Now assume that the user downloads a file named file.gz, and this file has the Content-Type text/x-sh. No filtering is done because text/* is safe (e.g. should be viewed in the browser or saved to the disk).

However, Firefox doesn't know how to display a text/x-sh file, and looks at the extension (or the Content-Encoding, which may be fake). From it, Firefox tells the user that the file is a GNU Zip archive and proposes to open it with the helper application for archives (configured by the user). The user thinks that it is a known and trusted archive format (due to his filtering based on the Content-Type -- see above) and executes the helper application. But in the reality, it may be a shell script since Firefox has messed up the Content-Type!
where does the security problem come in? the archive manager will refuse to open the file.
(In reply to comment #16)
> where does the security problem come in? the archive manager will refuse to
> open the file.

The user could have changed the configuration to use another archive manager that also handles shell archives.
> The user could have changed the configuration to use another archive manager
> that also handles shell archives.

In which case a malicious server can simply send a shell script with the Content-Type "application/zip" to get around all of your filtering. Any user who does this is just plain _stupid_, period (well, one could also say this about the person writing such an archive manager). The concept of shell archives works only in trusted environments, and that is why they are dead for close to 10 years now.

Can we now return to the topic of this bug, please?
(In reply to comment #18)
> In which case a malicious server can simply send a shell script with the
> Content-Type "application/zip" to get around all of your filtering.
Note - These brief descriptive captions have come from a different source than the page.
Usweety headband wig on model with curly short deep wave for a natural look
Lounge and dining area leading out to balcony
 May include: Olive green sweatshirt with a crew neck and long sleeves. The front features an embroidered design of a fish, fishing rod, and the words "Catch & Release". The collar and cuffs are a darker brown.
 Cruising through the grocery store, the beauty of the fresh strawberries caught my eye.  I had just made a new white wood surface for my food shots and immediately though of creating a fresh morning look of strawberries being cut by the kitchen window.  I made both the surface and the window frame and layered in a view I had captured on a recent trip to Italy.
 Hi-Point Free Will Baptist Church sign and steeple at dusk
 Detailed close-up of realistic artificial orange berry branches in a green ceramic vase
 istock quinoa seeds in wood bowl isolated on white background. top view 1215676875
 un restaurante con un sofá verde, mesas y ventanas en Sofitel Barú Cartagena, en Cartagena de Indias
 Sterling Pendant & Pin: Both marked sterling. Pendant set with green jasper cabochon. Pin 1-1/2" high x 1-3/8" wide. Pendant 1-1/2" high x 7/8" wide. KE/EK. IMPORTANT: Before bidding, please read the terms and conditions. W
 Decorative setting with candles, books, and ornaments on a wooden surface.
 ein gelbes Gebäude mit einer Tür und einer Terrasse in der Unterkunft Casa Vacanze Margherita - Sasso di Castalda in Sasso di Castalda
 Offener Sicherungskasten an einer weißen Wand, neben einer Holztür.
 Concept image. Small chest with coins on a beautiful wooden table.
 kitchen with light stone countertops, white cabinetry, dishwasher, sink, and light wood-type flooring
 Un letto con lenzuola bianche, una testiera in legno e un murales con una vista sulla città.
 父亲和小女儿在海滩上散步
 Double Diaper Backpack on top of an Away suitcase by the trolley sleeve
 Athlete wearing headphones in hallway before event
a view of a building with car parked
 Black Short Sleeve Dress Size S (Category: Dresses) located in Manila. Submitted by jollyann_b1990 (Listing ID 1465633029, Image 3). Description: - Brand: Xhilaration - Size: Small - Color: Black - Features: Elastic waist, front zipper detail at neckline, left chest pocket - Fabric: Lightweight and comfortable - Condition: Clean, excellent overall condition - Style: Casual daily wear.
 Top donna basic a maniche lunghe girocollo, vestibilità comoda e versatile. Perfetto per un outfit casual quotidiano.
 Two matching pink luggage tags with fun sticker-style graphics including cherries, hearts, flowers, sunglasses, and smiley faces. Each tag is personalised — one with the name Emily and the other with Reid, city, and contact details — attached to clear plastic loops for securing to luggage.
No. Please read comment #15 carefully: "disallowing shell scripts for any
archive Content-Type" (note the "any").
In that case you need to filter on the actual content, not (only) the content type, which is different from what you said before. And if you do content filtering anyway, you can also exclude shell archives in general (or you can exclude all the text/* content types that Firefox will not render in the browser, see bug 57342). In short: Yes, you can set up your browser in a way that may compromise security (shar archive manager). Don't do that then.
(In reply to comment #20)
> In that case you need to filter on the actual content, not (only) the content
> type, which is different from what you said before.

Yes, sorry if this wasn't clear. Filtering is done on the actual contents, but the filter itself is selected according to the Content-Type.

> And if you do content filtering anyway, you can also exclude shell archives
> in general (or you can exclude all the text/* content types that Firefox
> will not render in the browser, see bug 57342).

I do not wish to exclude shell archives in general. Also remember that this is just an example. There could be similar problems with other types of files (and if other extensions are used).

> In short: Yes, you can set up your browser in a way that may compromise
> security (shar archive manager). Don't do that then.

If the browser honored the Content-Type (always) in some way, then security wouldn't be compromised. The problem is that until I was aware of this bug, I didn't know that such a filtering method could compromise security.

So, if this bug could be fixed soon[*], then OK. Otherwise I think that there should be a temporary warning (or more useful information) in the dialog box if this is easier than fixing the bug completely.

[*] Does this mean that bug 132702 must be fixed first? This one is almost 4 years old, so it could still last months or years before this bug is fixed.
Assignee: file-handling → nobody
QA Contact: ian → file-handling
Product: Core → Firefox
Version: Trunk → unspecified
QA Whiteboard: qa-not-actionable

In the process of migrating remaining bugs to the new severity system, the severity for this bug cannot be automatically determined. Please retriage this bug using the new severity system.

Severity: major → --

The severity field is not set for this bug.
:Gijs, could you have a look please?

For more information, please visit BugBot documentation.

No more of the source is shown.